You can test out your implementation using the EC2 node. If something isn't working quite the way you expect it to, let me know and I will see whether there is a bug. Do no store any usernames, passwords, or keys in the source code.
-
Mar 14, 2011 ↠ Schedule Adjustment
We have changed the presentation schedule to give more time to the NoSQL system presentations and discussions. -
Feb 08, 2011 ↠ Schedule Updated + System Assignments Posted
The presentation schedule has been updated with the assigned groups. Please contact us if your name does not appear or if you think somebody has dropped the course. You are free to swap topics with another student but please let us know first.We also have posted the list of NoSQL systems that people chose in yesterday's class. Each group should take a cursory search on their system to determine if there will be enough information to do a thorough analysis. Be prepared to briefly talk about your system next class.

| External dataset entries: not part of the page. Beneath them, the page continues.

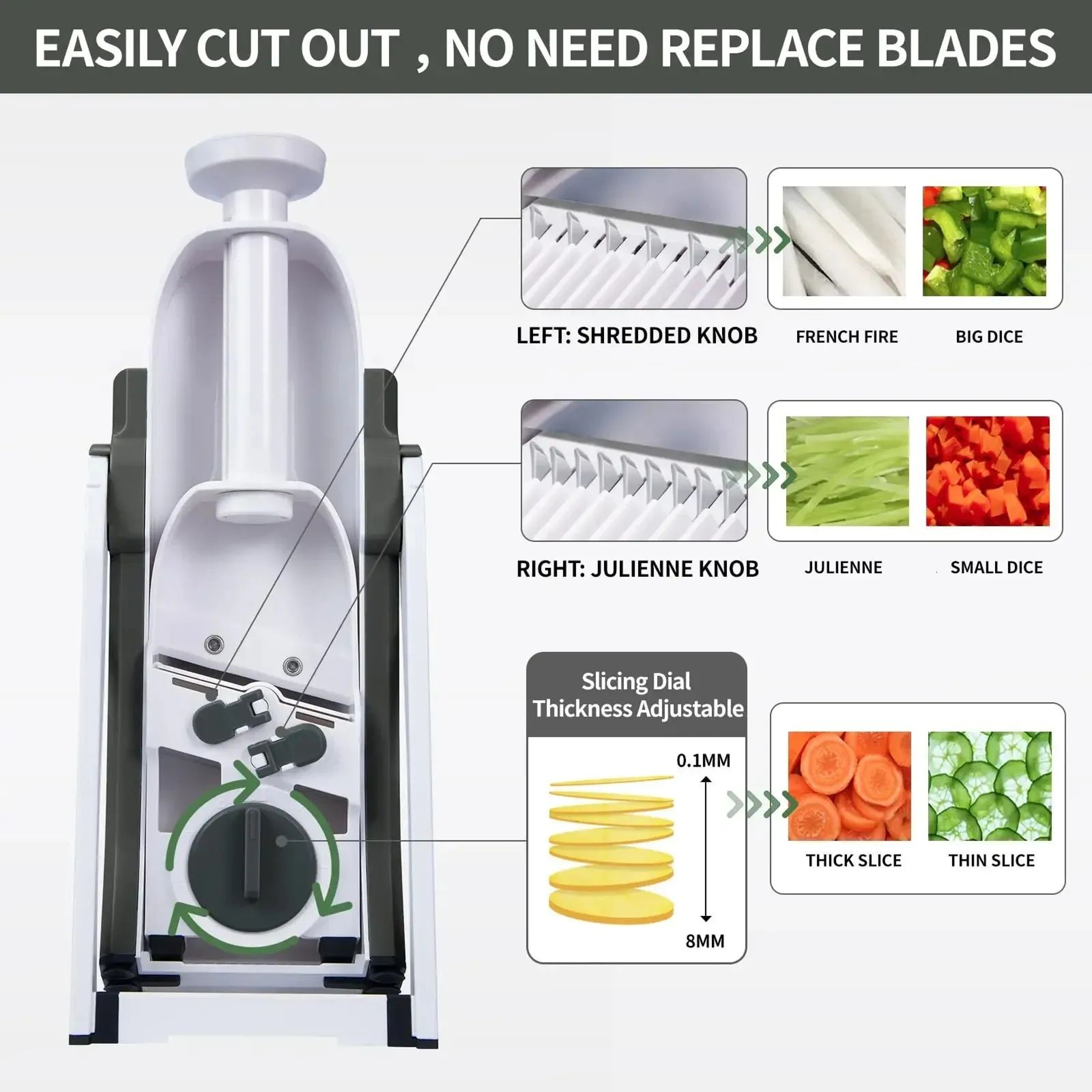 Manual Vegetable Chopper And Mandoline Slicer With Container 2
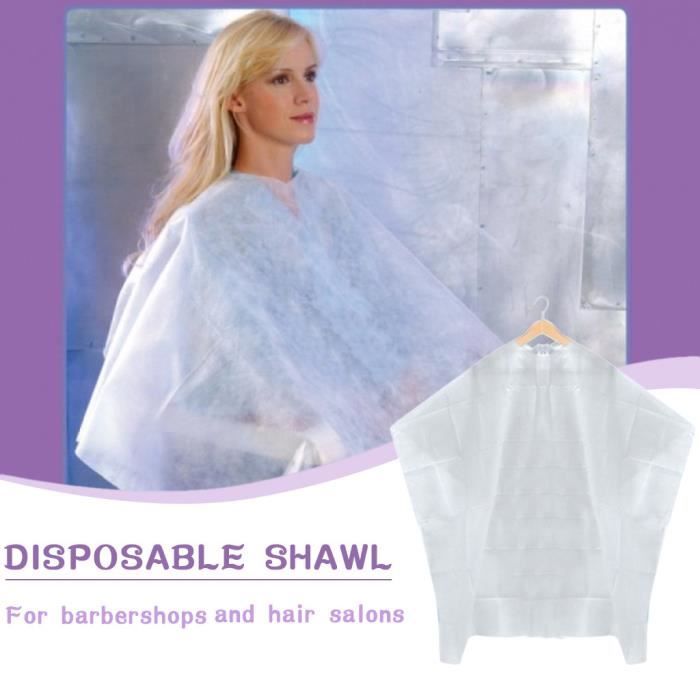 50 pièces tablier Non tissé jetable imperméable à l'eau lavage Cape de cheveux tissu de coiffure coupe de cheveux - White
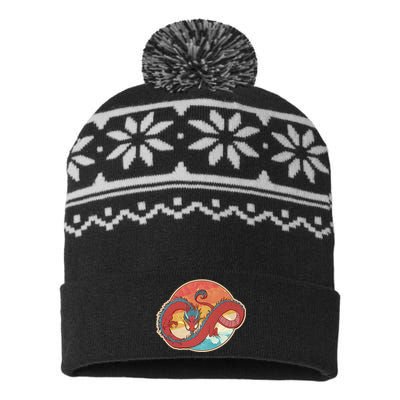 Vintage Asian Dragon Emblem USA-Made Snowflake Beanie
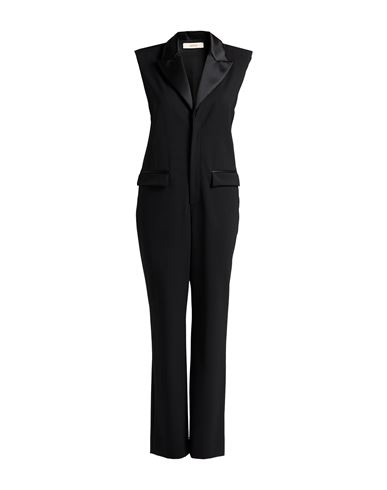Jucca Woman Jumpsuit Black Size 10 Polyester, Cotton, Elastane In Black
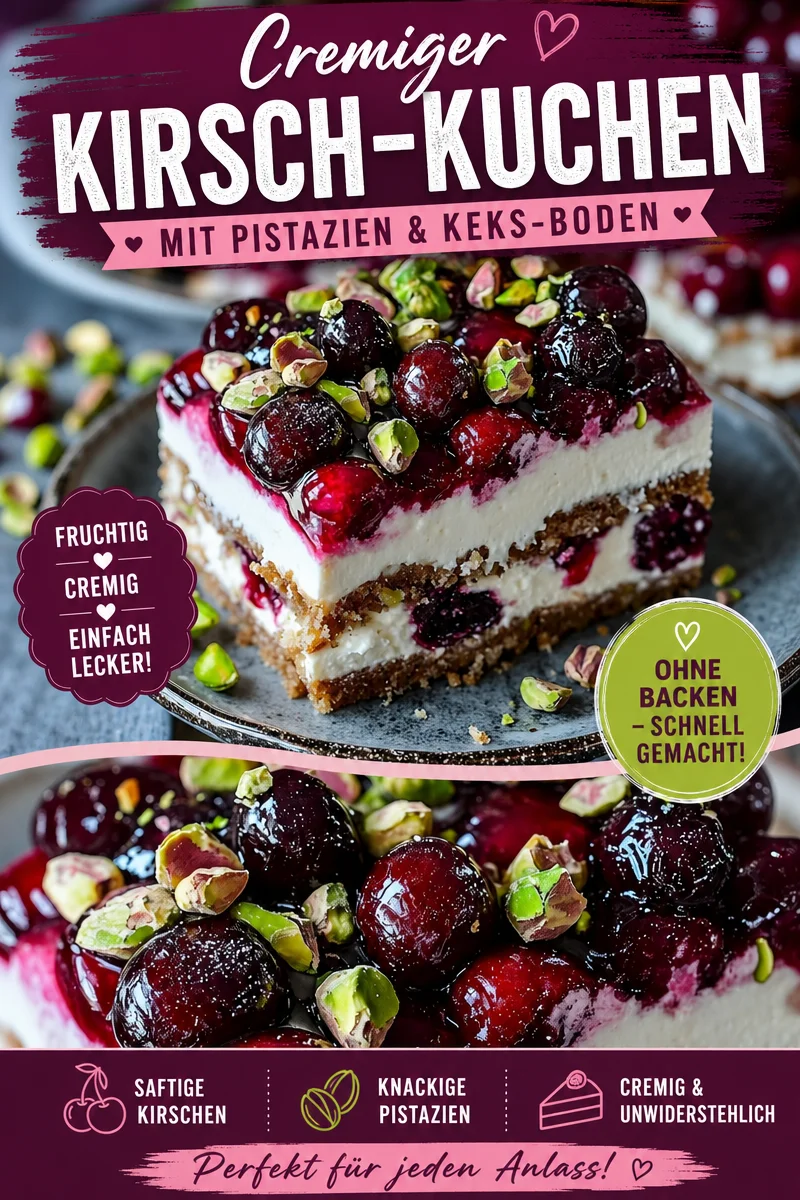 Saftiger Kirsch-Pistazien-Käsekuchen mit Mascarpone für jeden Anlass Saftiger Kirsch-Pistazien-Käsekuchen mit Mascarpone für jeden Anlass - Entdeckt das ultimative Rezept für einen saftigen Kirsch-Pistazien-Käsekuchen! Mit einem knusprigen Keksboden und einer cremigen Quark-Frischkäse-Füllung ist dieser Käsekuchen der perfekte Genuss für jede Feier oder einfach zum Schlemmen zu Hause. Probiert es aus und begeistert eure Gäste! Lasst euch überraschen! #Käsekuchen #Dessert #Backen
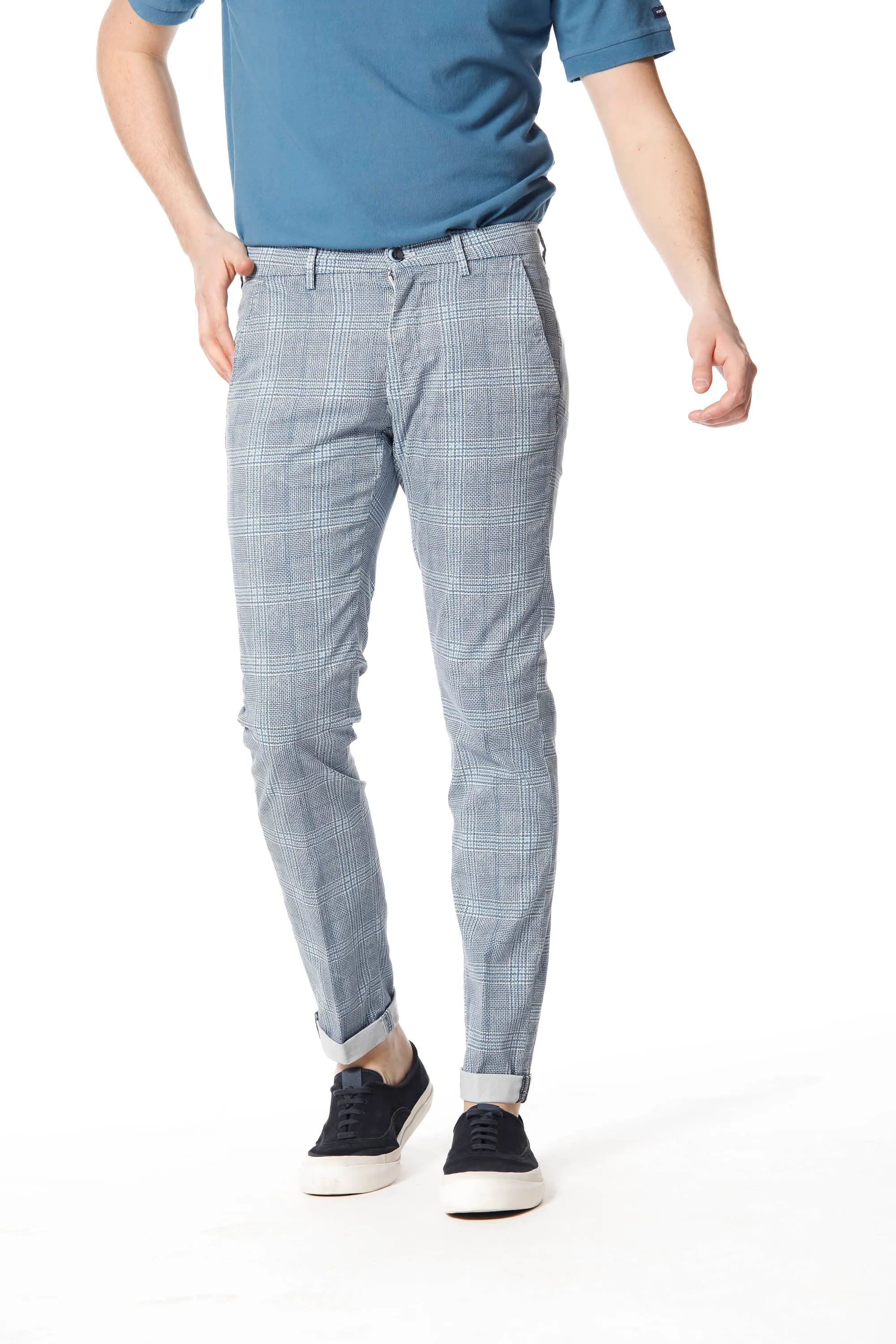 Torino Style man chino pants in cotton and tencel with wales pattern slim sold by Mason's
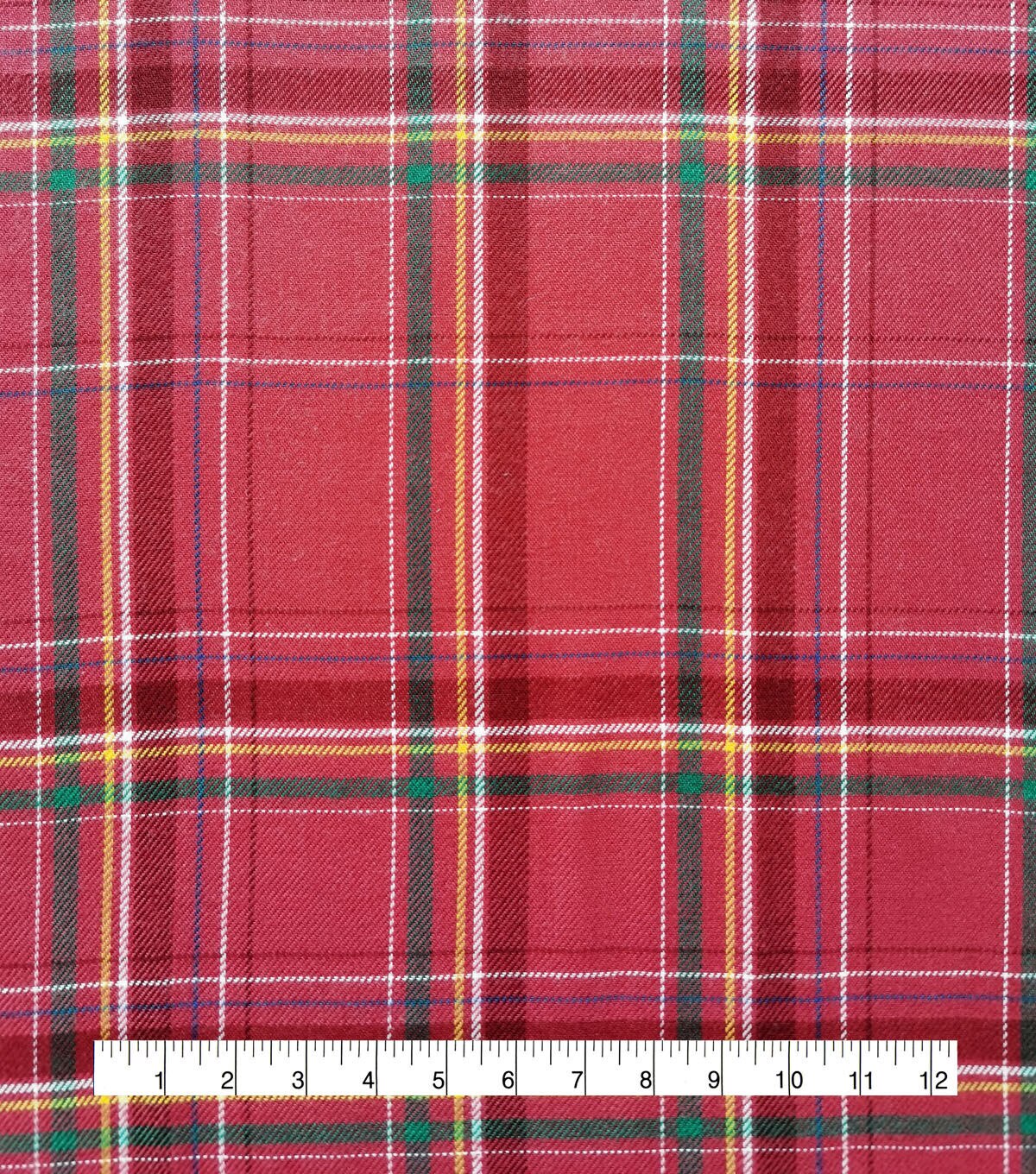 Red Tartan Brushed Plaid Polyester Flannel Fabric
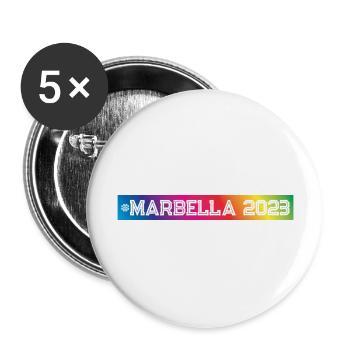 Marbella 2023 Colorful - Buttons large 2.2''/56 mm (5-pack) - white - Front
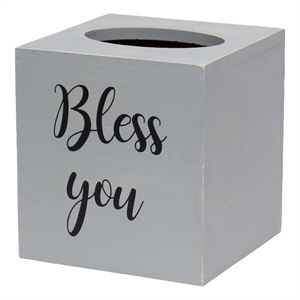 Elegant Designs Wood Tissue Box Cover with Sliding Base & Black Script - Gray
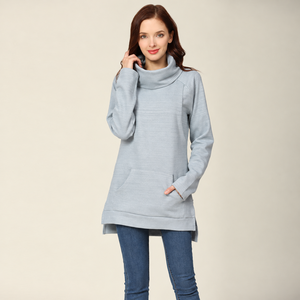 Thermal Breastfeeding <strong>Jumper</strong> <strong>Turtle</strong> <strong>Neck</strong> Nursing Hoodie Maternity Clothing Made Cotton Blend Size L for Lactation Autumn - Product Image 1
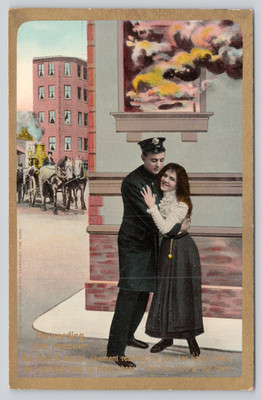 Postcard Fire Rescue ''Rewarding the Rescuer'' Woman Embracing Man Firefighting
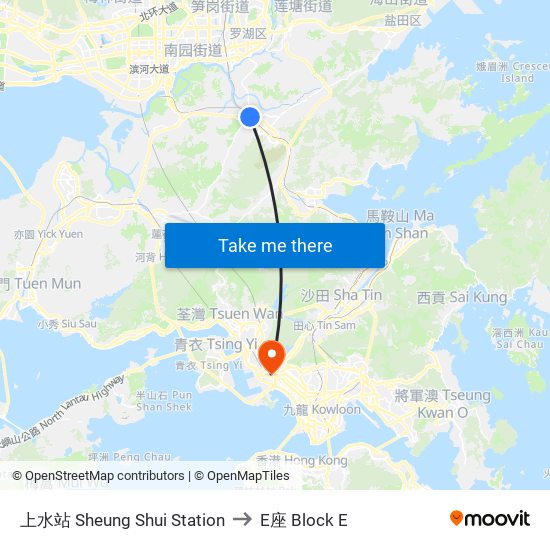 上水站 Sheung Shui Station to E座 Block E map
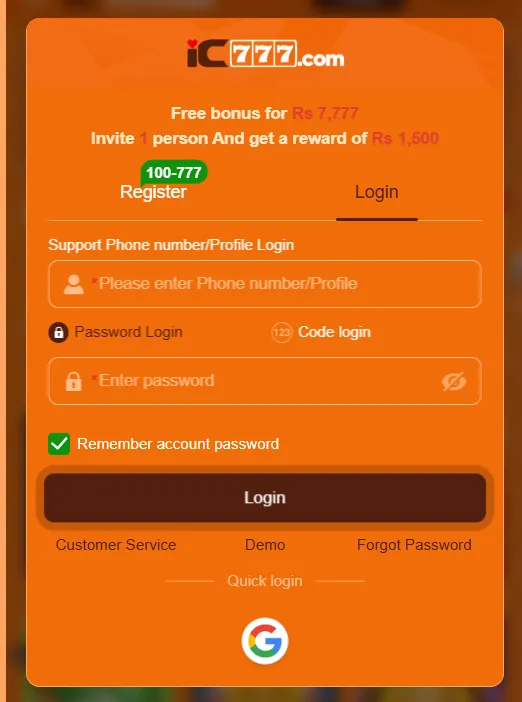 ic777 game apk login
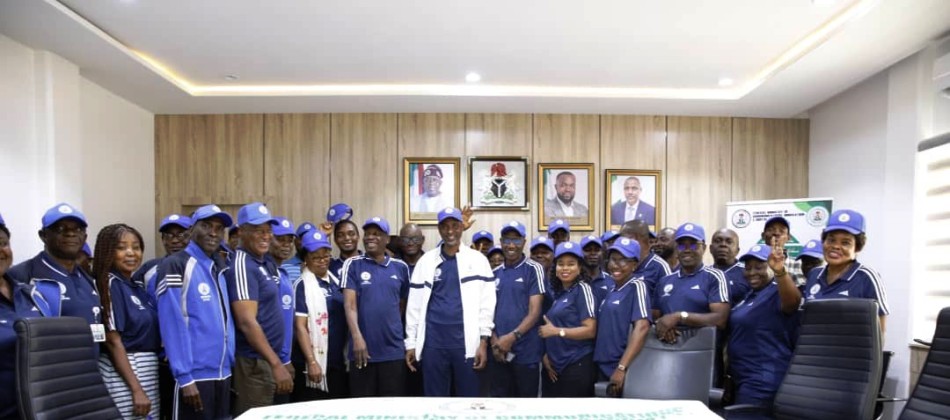 The Permanent Secretary Federal Ministry of Communications, Innovation and Digital Economy Engr. Faruk Yusuf Yabo in the middle of the picture with Management staff of the Ministry and PMS champions during the maiden Ministerial Performance Management Strategy Review Session of the PMS Day in his Conference Room, on the 24th of October, 2024 in Abuja.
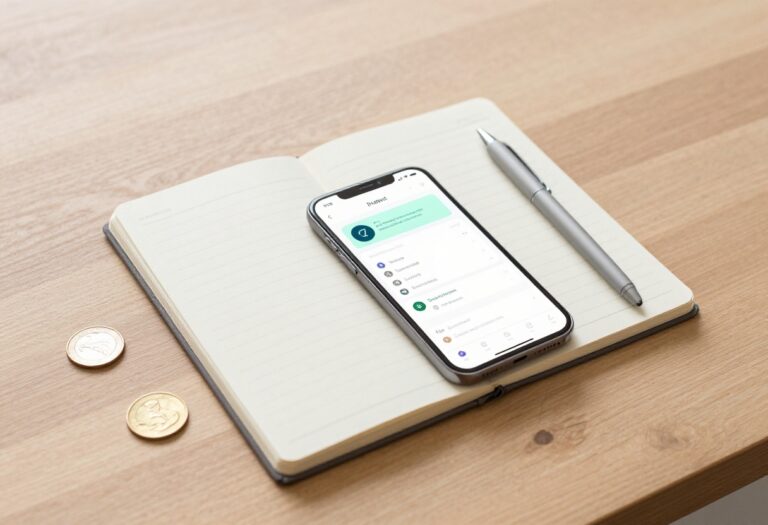 Weekly budget check-in supplies on a desk: notebook, pen, smartphone, and coins.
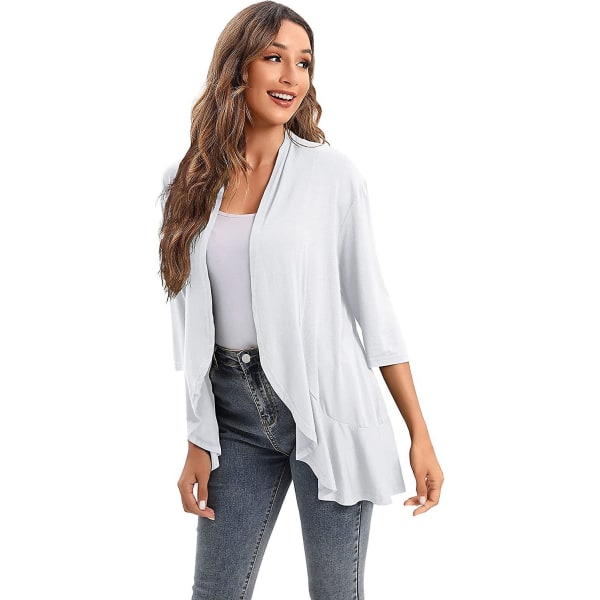 2023 Ny Dammode Temperament Rock Solid Färg Casual Cardigan Sju Punkter Topp white M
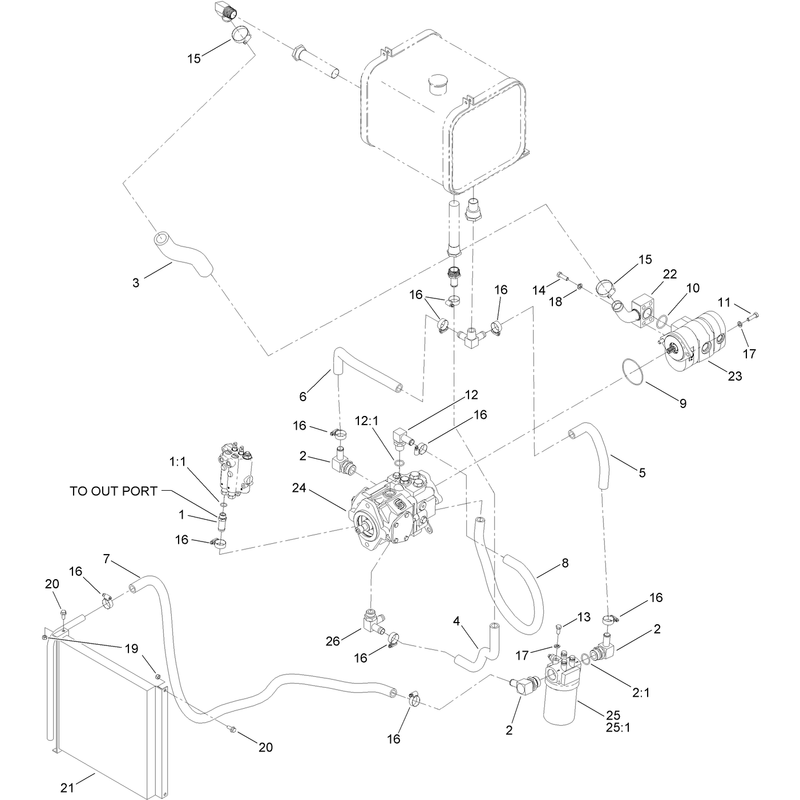 Variable Pump and Hose Assembly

Lastly, as a reminder, you should all plan your presentations to be one hour long. This allows for adequate time for discussion and questions. A good rule of thumb is to have 2/3 slides for every minute of your talk. Here is also an excellent guide for creating talk slides that I have found to be helpful.
-
Feb 04, 2011 ↠ Mailing List + Paper Reports + System Preference Survey
The new CS227 mailing list is now operational. If have already registered for the class on Banner (as of today), then you will have been added to the mailing list. Please email Stan if you still need him to override the pre-requisite requirements and then add yourself to the mailing list here.Your reports on this week's reading assignment will be due in paper form at the beginning of class on Monday. Non-presenters will write and submit a one-page description of the three most important ideas from the readings. Each idea should be described in a well-written paragraph that states the new idea and describes what it is about the idea that makes it worth remembering.
Lastly, we have sent a link to a survey about your NoSQL system system preference. Please pass it along to anybody that has not signed up to the mailing list yet.
-
Jan 31, 2011 ↠ First Day of Class!
Welcome to what is being colorfully referred to as "NoSQL - The Course". This is seminar course that will cover new, emerging classes of data management systems that deviate from "traditional" relational systems. Topics will include the fundamentals of parallel and NoSQL databases, cloud computing databases, partitioned main memory systems, and column-store databases. The course will also include an overview and analysis of state-of-the-art NoSQL systems currently used in industry. Both the course syllabus and reading list have been posted.